The data is inserted by using INSERT over a period of time (no batch moves).
The underlying service using the database is a distribution network. So each
time a package arrives it is inserted in the DataRepository, the sender and
receiver are inserted in the DataAddress table.

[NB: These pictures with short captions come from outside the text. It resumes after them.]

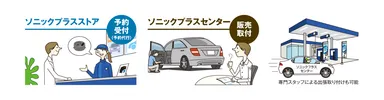 ソニックプラスストアご利用の流れ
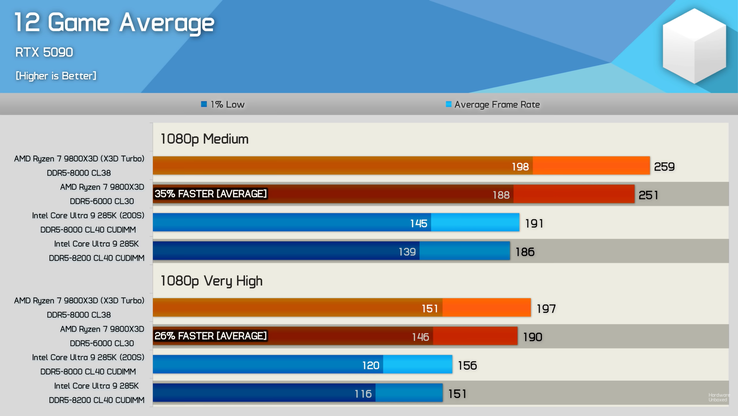 Core Ultra 9 285K vs Ryzen 7 9800X3D : performances moyennes dans 12 jeux. (Source de l'image : Hardware Unboxed)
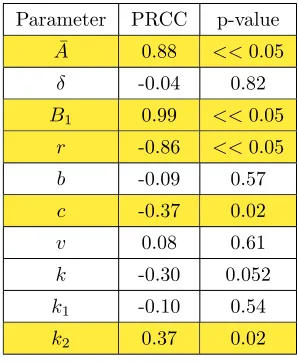 Table 4: In this table, the partial rank correlation coeﬃcients for each param-eters investigated are signiﬁcantly diﬀerent from zero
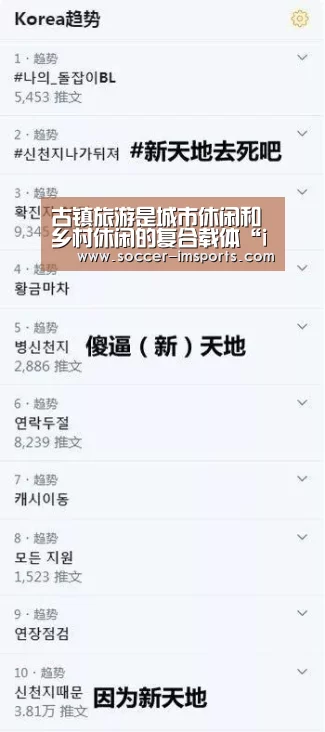 古镇旅游是城市休闲和乡村休闲的复合载体“im足球”(图3) im体育下载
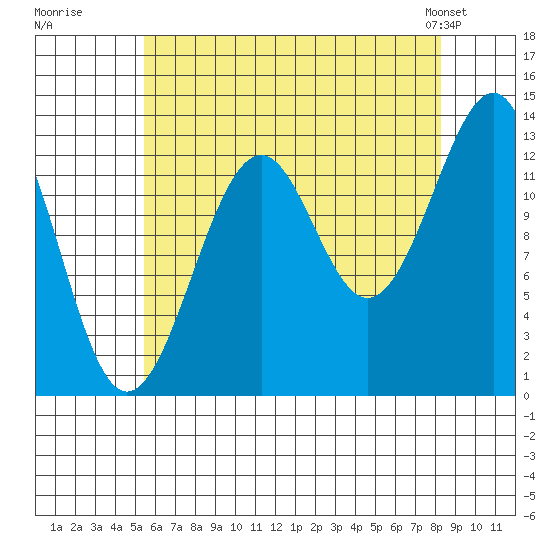 Greys Island tide chart for Tuesday, August 19, 2025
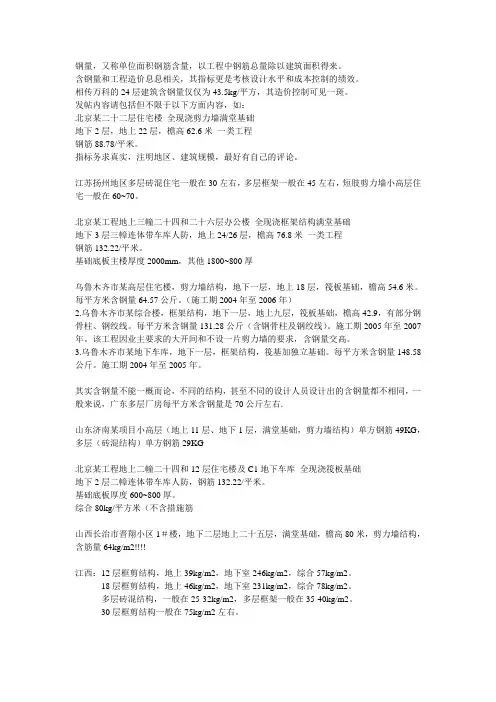 全国各地的钢筋含量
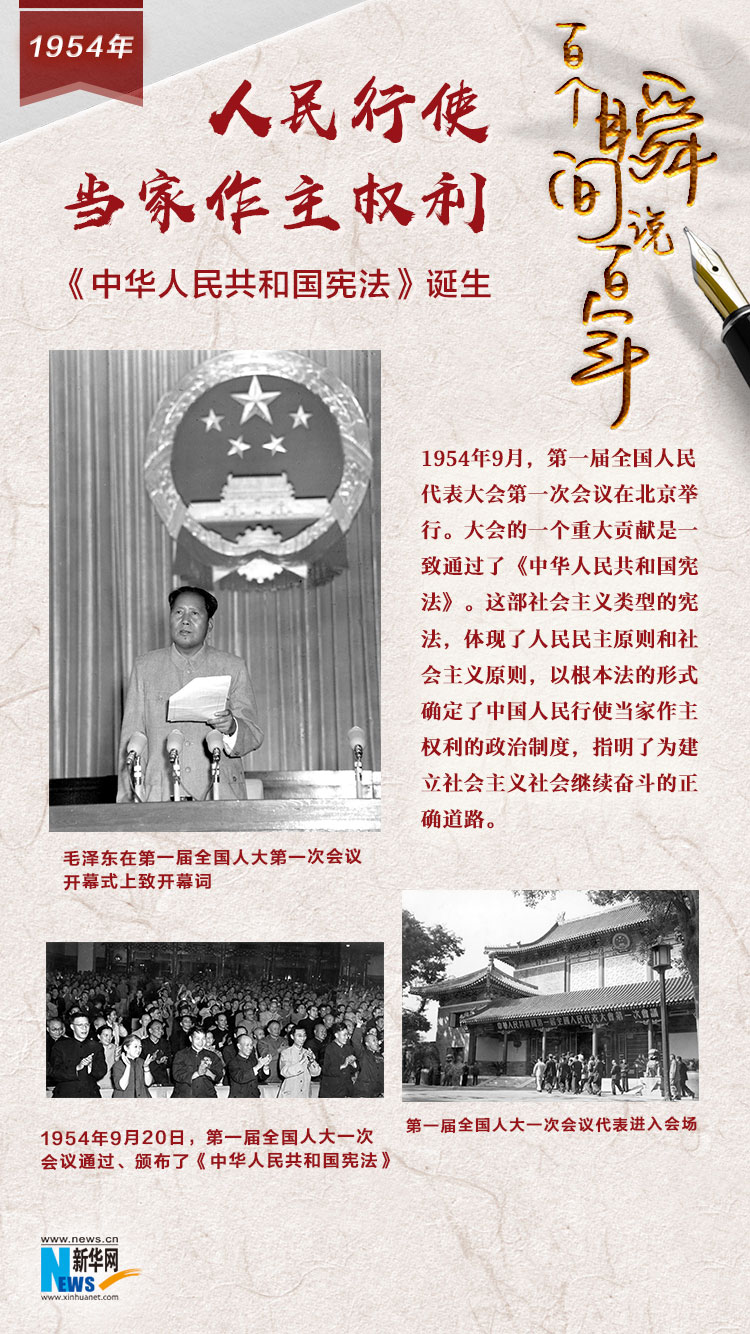 1954，人民行使當(dāng)家作主權(quán)利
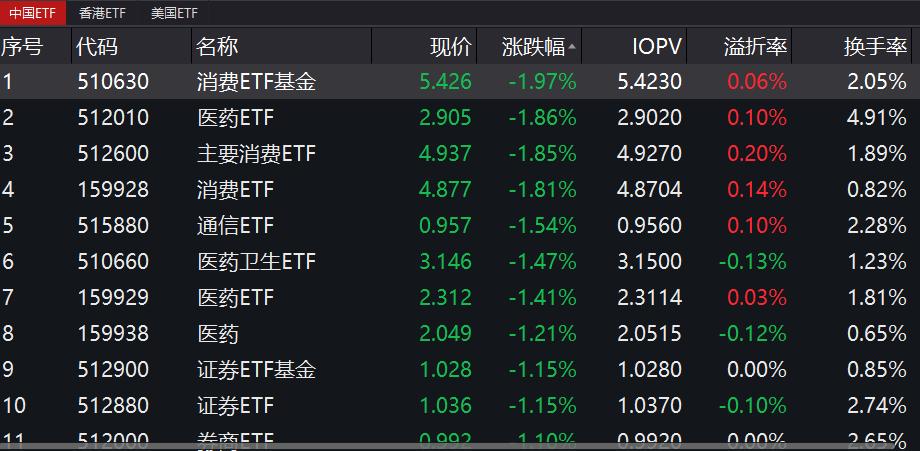 兴全合润混合基金状况,兴全合润是什么板块基金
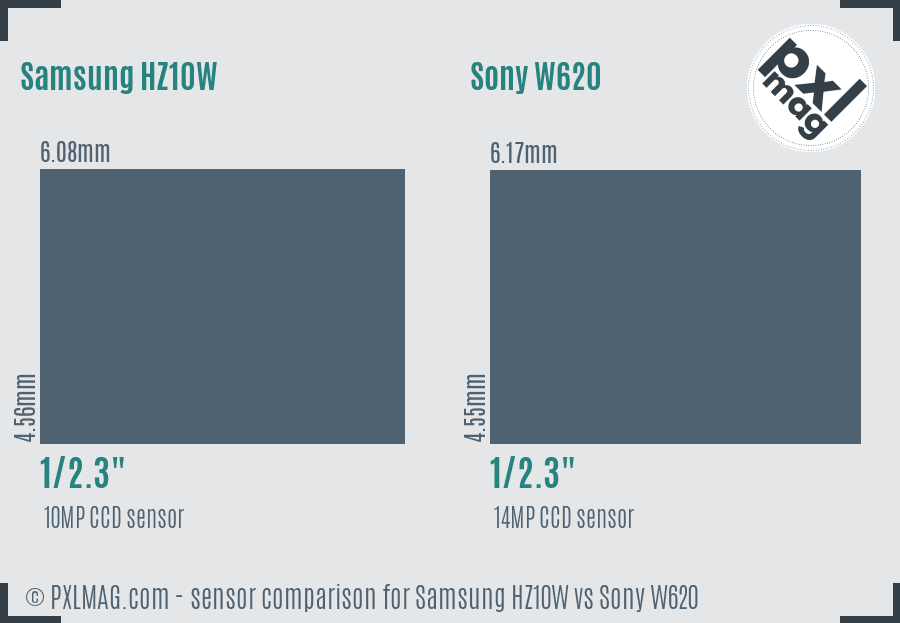 Samsung HZ10W vs Sony W620 sensor size comparison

I also noticed that the DELETE statements aren't in a transaction, but that
"should" not be a problem. They can be used separately. And sorry about the
column names for the FK, there is no Dar_Daa_Id, its Dar_Daa_Id_Receiver and
Dar_Daa_Id_Sender

I'm not sure how I can provide you with data to recreate the problem since
inserting the data would yield a error :) I'll post one of the rows below
though. Scripting the tables and stored procedures gives me this DDL.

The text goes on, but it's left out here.